* _Task statement_: Each record needs to be retyped exactly, though its pictures should not appear.
Start of Block
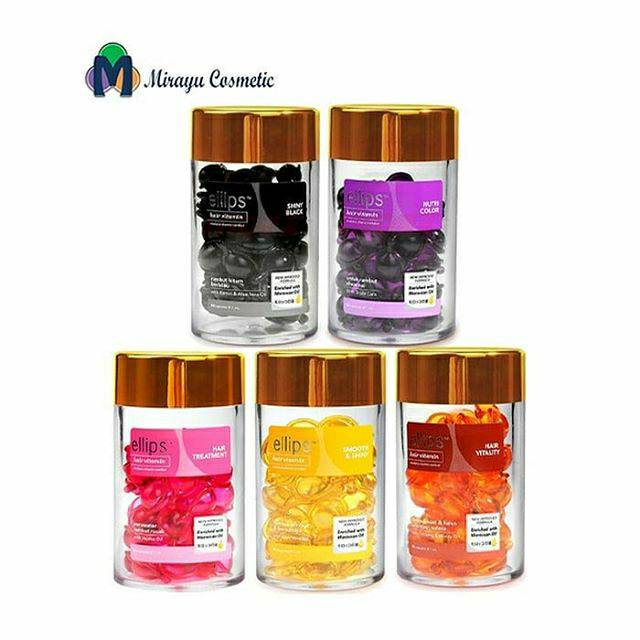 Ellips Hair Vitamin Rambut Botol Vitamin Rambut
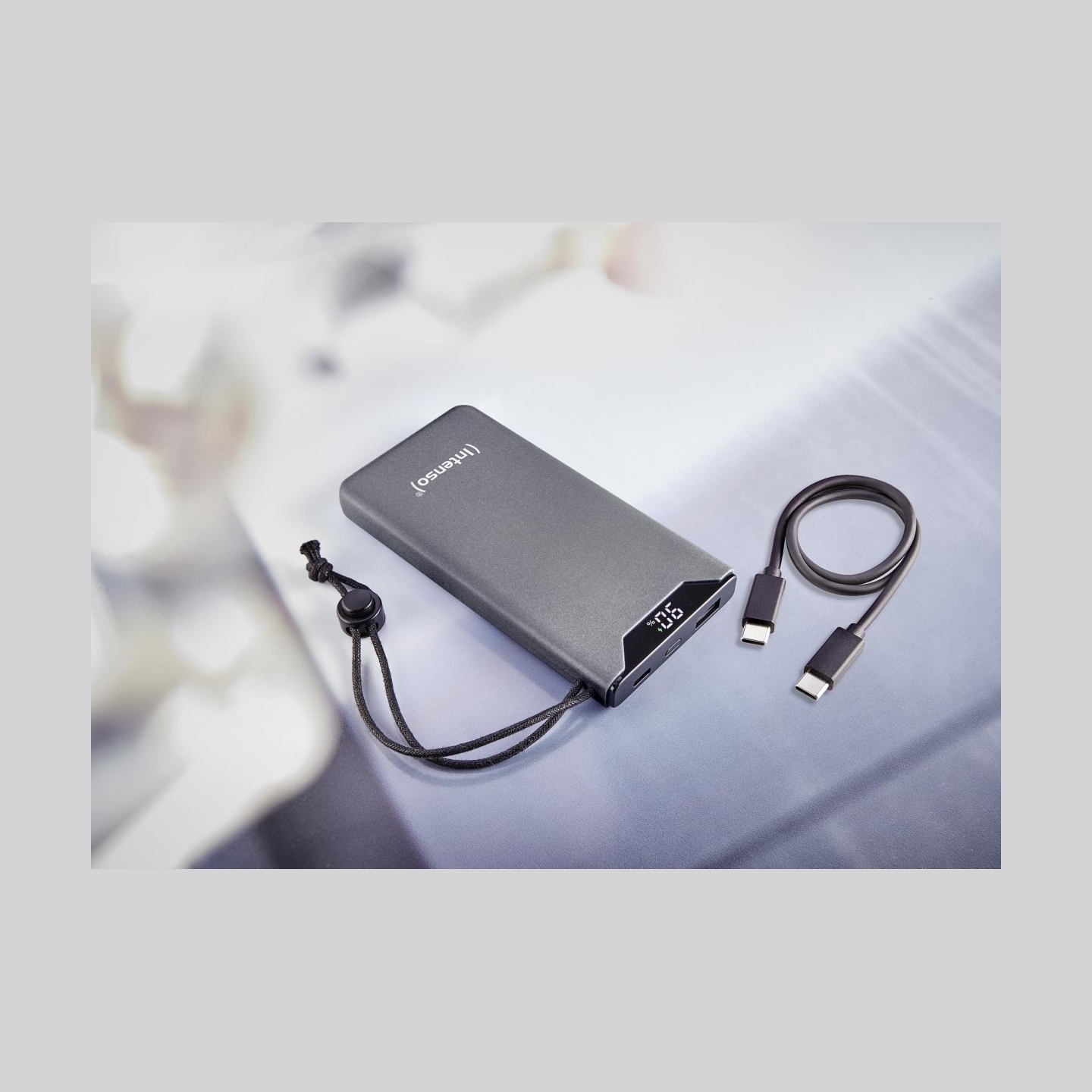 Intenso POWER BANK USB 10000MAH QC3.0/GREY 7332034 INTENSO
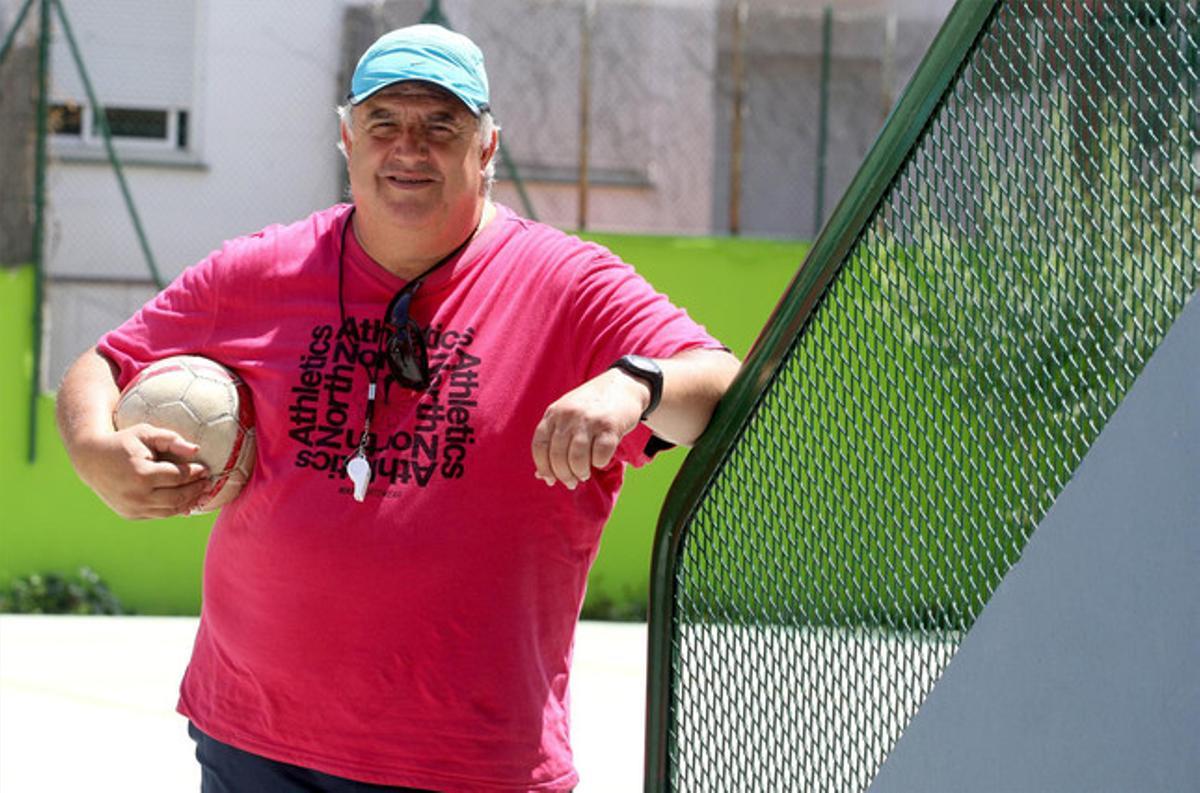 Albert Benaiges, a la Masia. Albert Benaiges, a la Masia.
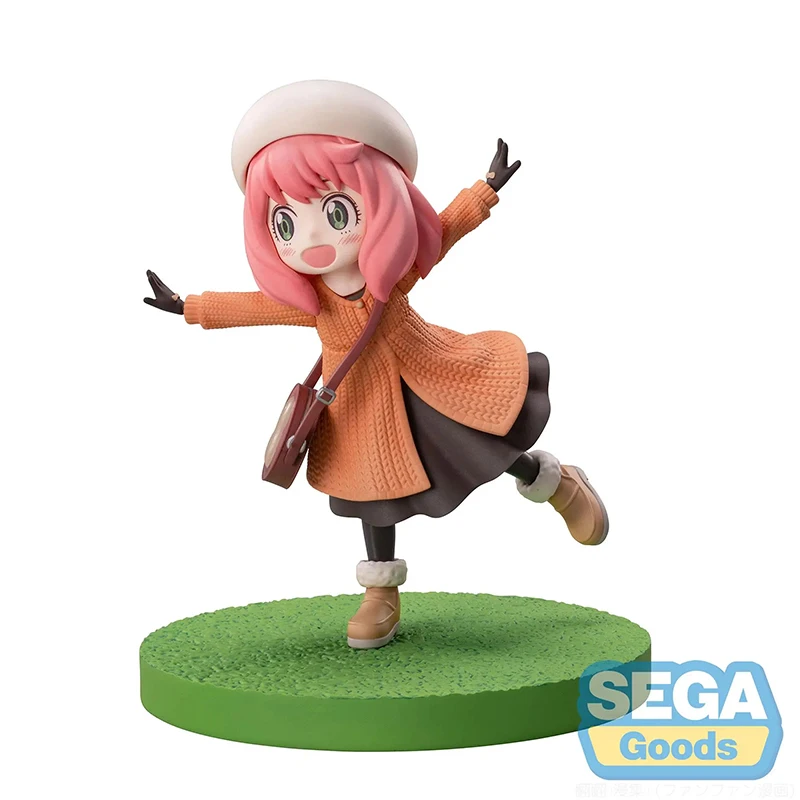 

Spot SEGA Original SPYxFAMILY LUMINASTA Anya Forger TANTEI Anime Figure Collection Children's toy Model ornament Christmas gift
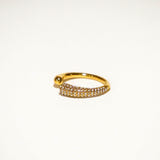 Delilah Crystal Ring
End of Block
* _Answer for this exercise_:
 Ellips Hair Vitamin Rambut Botol Vitamin Rambut
 Intenso POWER BANK USB 10000MAH QC3.0/GREY 7332034 INTENSO
 Albert Benaiges, a la Masia. Albert Benaiges, a la Masia.

Spot SEGA Original SPYxFAMILY LUMINASTA Anya Forger TANTEI Anime Figure Collection Children's toy Model ornament Christmas gift
 Delilah Crystal Ring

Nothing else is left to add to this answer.